======== Provided information ========
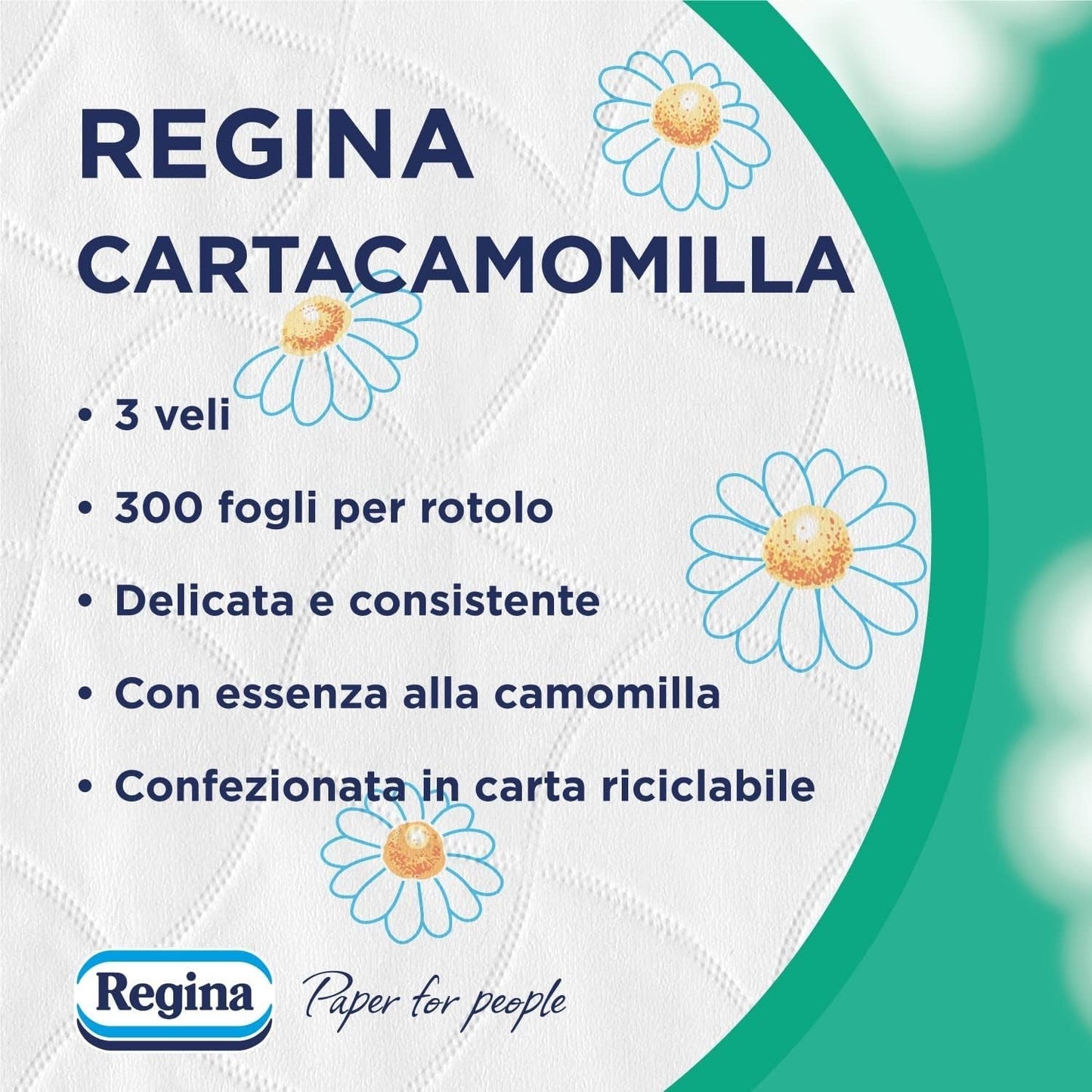 Regina Cartacamomilla – 8 rolí toaletního papíru, 300 načechraných listů, 3 vrstvy, měkký a pevný, obal z recyklovatelného papíru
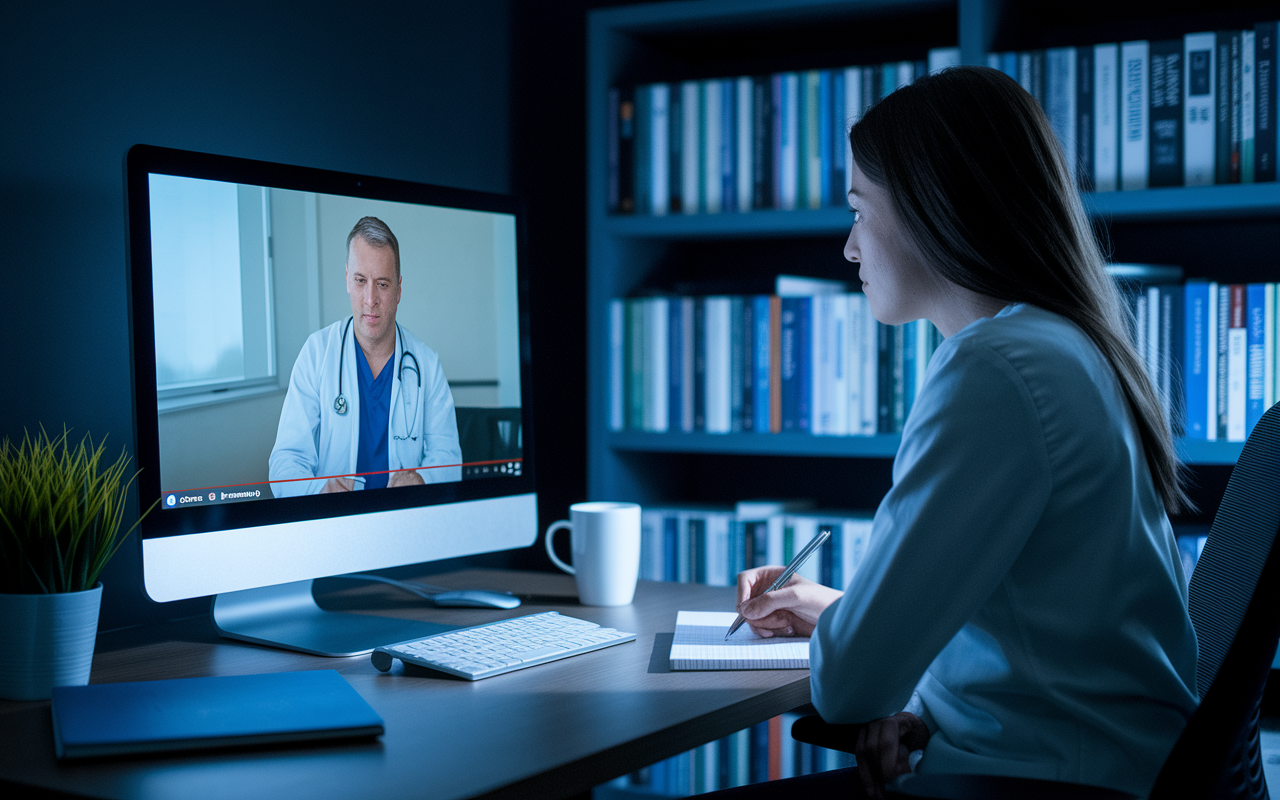 A computer screen displaying an online video tutorial on clinical examination skills, featuring a doctor demonstrating patient interaction techniques. The student, seated at an ergonomic desk, takes notes while observing closely. The dimly lit room provides a focused atmosphere with a bookshelf full of medical literature in the background, illustrating dedication to professional growth.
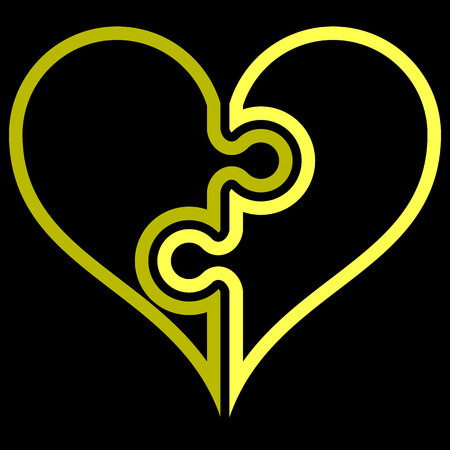 Heart puzzle symbol icon - yellow simple outlined, isolated - vector illustrationのイラスト素材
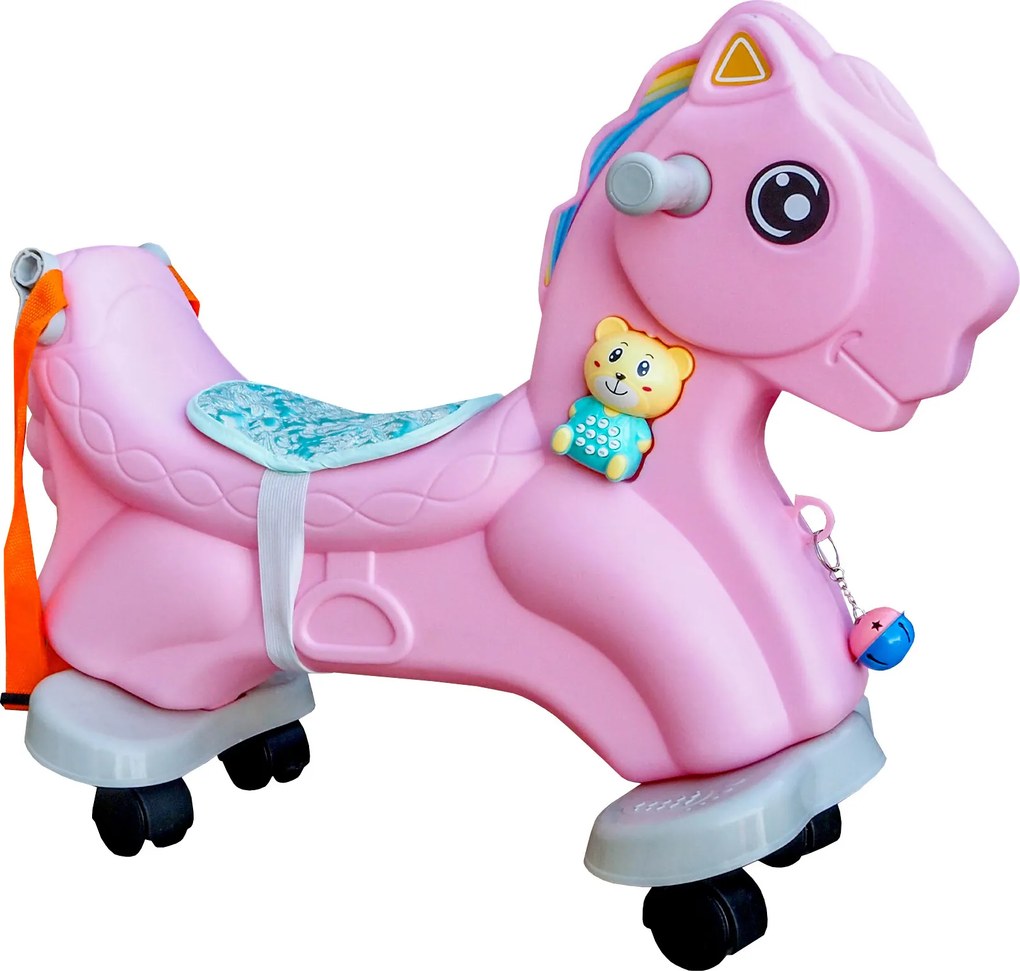 Aga4Kids Plastový houpací koník 2v1 Růžový 2DZ244  - II. JAKOST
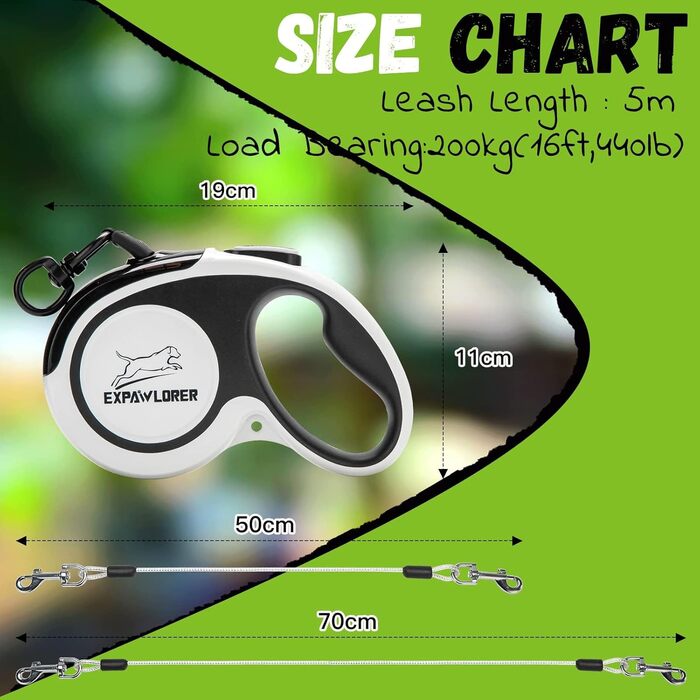 Рулетка для собак ExPawlorer, 5 м, чорно-біла, до 20 кг, білий ручка, безпечна система гальма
========
**Work order:** Copy nothing but the lines from the one containing "Heart puzzle symbol" through the last line of the listing above, transcribed exactly and with no pictures.

**Answer to the problem:**
 Heart puzzle symbol icon - yellow simple outlined, isolated - vector illustrationのイラスト素材
 Aga4Kids Plastový houpací koník 2v1 Růžový 2DZ244  - II. JAKOST
 Рулетка для собак ExPawlorer, 5 м, чорно-біла, до 20 кг, білий ручка, безпечна система гальма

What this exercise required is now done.